How To Safely Balance Vitamin D & Sun Exposure
Posted on 22 August 2016
Vitamin D Deficiencies are more common than you think...
According a Deakin University study, about a third of Australians have a vitamin D deficient and nearly three quarters have levels considered by experts as below the “optimal for musculoskeletal health”.
But so is skin cancer...
At the same time, skin cancer is on the rise and 90%-99% of skin cancer is related to sun exposure.
So what's the answer when it comes to sun exposure safely?
Is it a case of damned if you do and damned if you don’t?
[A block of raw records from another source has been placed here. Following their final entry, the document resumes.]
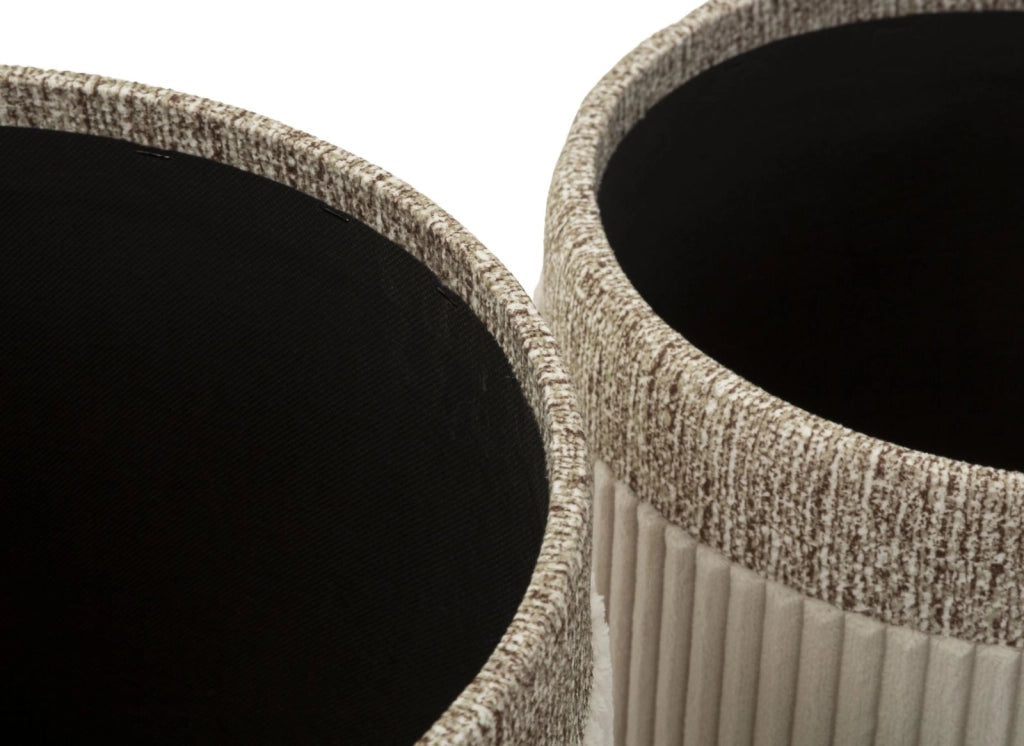 Puff con Contenitore Cortina Crema Set 3 Pz Ø40,5x49,5 cm - Ø35x42 cm - Ø31x38 cm in MDF e Spugna e Poliestere Crema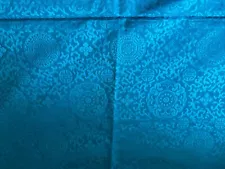 SILK Jacquard/Damask Fabric Teal Blue Asian Pattern 3.5+ Yds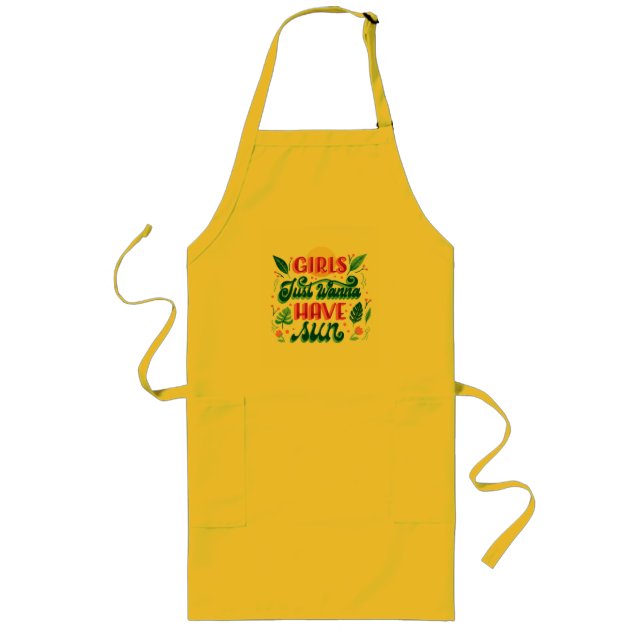 Largo Delantal amarillo brillante con un diseño alegre (Frente)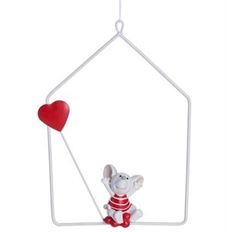 MOUSE W/HEART BALLOON 7.75" RED/WH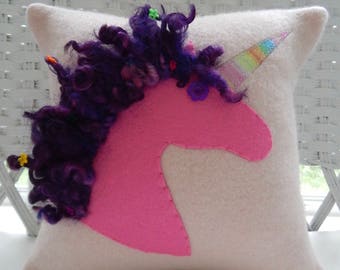 Recycled Pink Cashmere Sweater Unicorn Pillow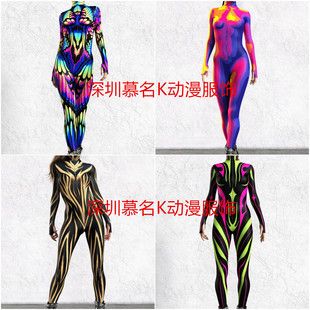 20.24million Santa's New BoDysuit 3D Digital Printing ADult cosplay One-piece Play Costume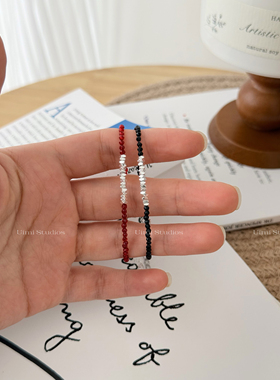 Uimi手作“岁岁年年”显白碎银黑红色极细小众淡人尖晶石戒指手链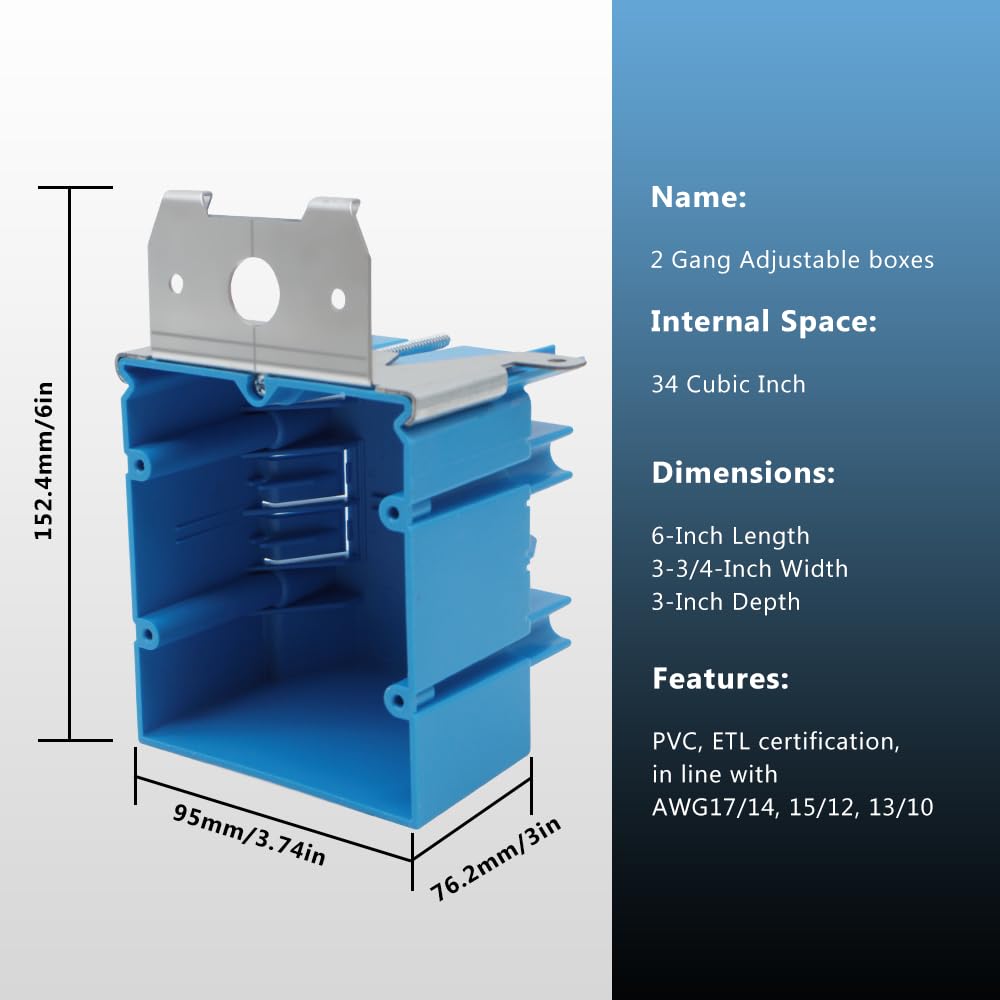 XGGYA 2 Gang Electrical Box Adjustable,Blue Electrical Boxes Plastic,34 Cubic Inch Plastic Outlet Box for Flexibly Adjusted,AWG Standard(1 Pack)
I don’t think so – I think it’s as simple as eating chocolate cake (ie sunshine in moderation).
Why is vitamin D important?
Vitamin D is super-duper important for women especially because it helps absorb calcium. Your diet along is not going to cut it – there is only so much fish and eggs a gal can eat. The main source of one’s vitamin D intake is from exposure to sunlight.
So, give me some safe sun guidelines I hear you say.
Well, it depends on your skin type, how much skin you are exposing, where you live and what time of the year it is! You could need 2 minutes twice a day (for a fair person with arms exposed during the summer months) or up to 3 hours a day (for a darker skinned person in winter months). For some more detailed guidelines, I’d trust the folks at Cancer Council Australia to help you decide what’s right for you.
The main thing to keep in mind is that because your body can only absorb a certain amount of vitamin D prolonged exposure to the sun is never a good idea, because:
- prolonged exposure will not increase your vitamin D levels; but
- prolonged exposure will lead to an increased risk of skin cancer and premature ageing.
Enjoy some sunshine safely!
So ladies, time to pack the sunnies, sunscreen, snacks, water bottles, sarongs, rash guards, buckets, spades, towels, hats, thongs and the million other things we are accustomed to packing in our handbags, beach bags and nappy bags, because it’s time to head outdoors and enjoy some sunshine safely!
p.s. if you’re worried about your vitamin D levels, best go check with your doctor. A simple blood test is all it takes.